- _Task to complete_: Copy the lines below word for word, skipping any image.

- _Information shown_:
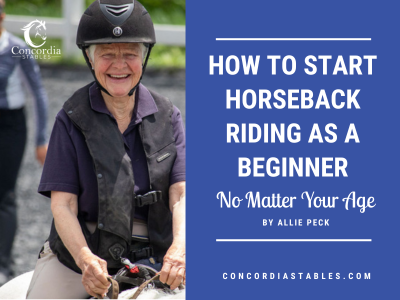 How to Start Horseback Riding as a Beginner -- No Matter Your Age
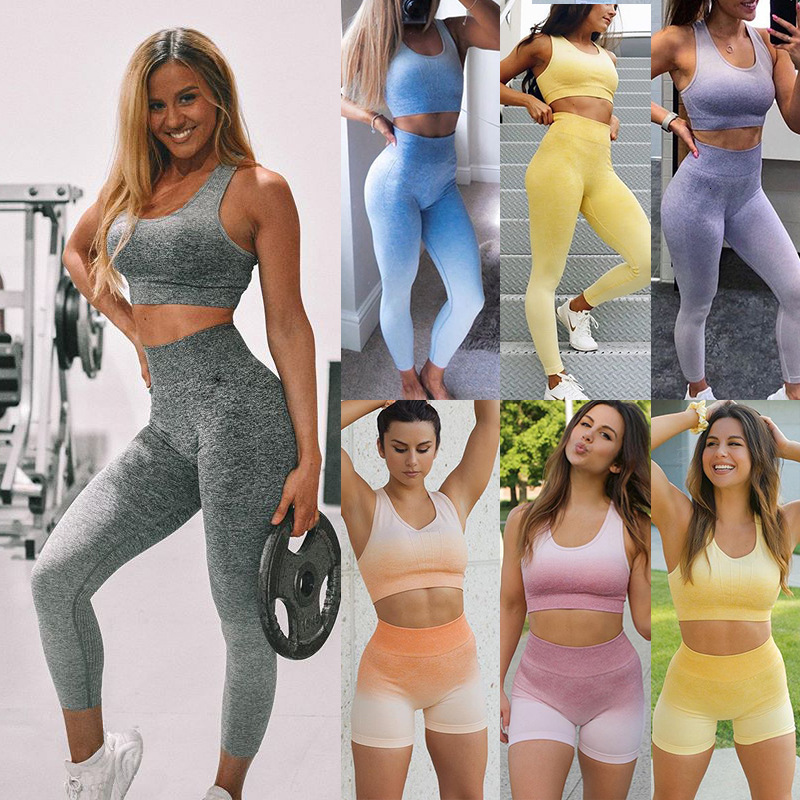new 3-piece tie dyed seamless yoga suit moisture absorption and perspiration sports bra abdominal long shorts, Gray 
new 3-piece tie dyed seamless yoga suit moisture absorption and perspiration sports bra abdominal long shorts, Gray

- _Answer to this exercise_:
 How to Start Horseback Riding as a Beginner -- No Matter Your Age
new 3-piece tie dyed seamless yoga suit moisture absorption and perspiration sports bra abdominal long shorts, Gray 
new 3-piece tie dyed seamless yoga suit moisture absorption and perspiration sports bra abdominal long shorts, Gray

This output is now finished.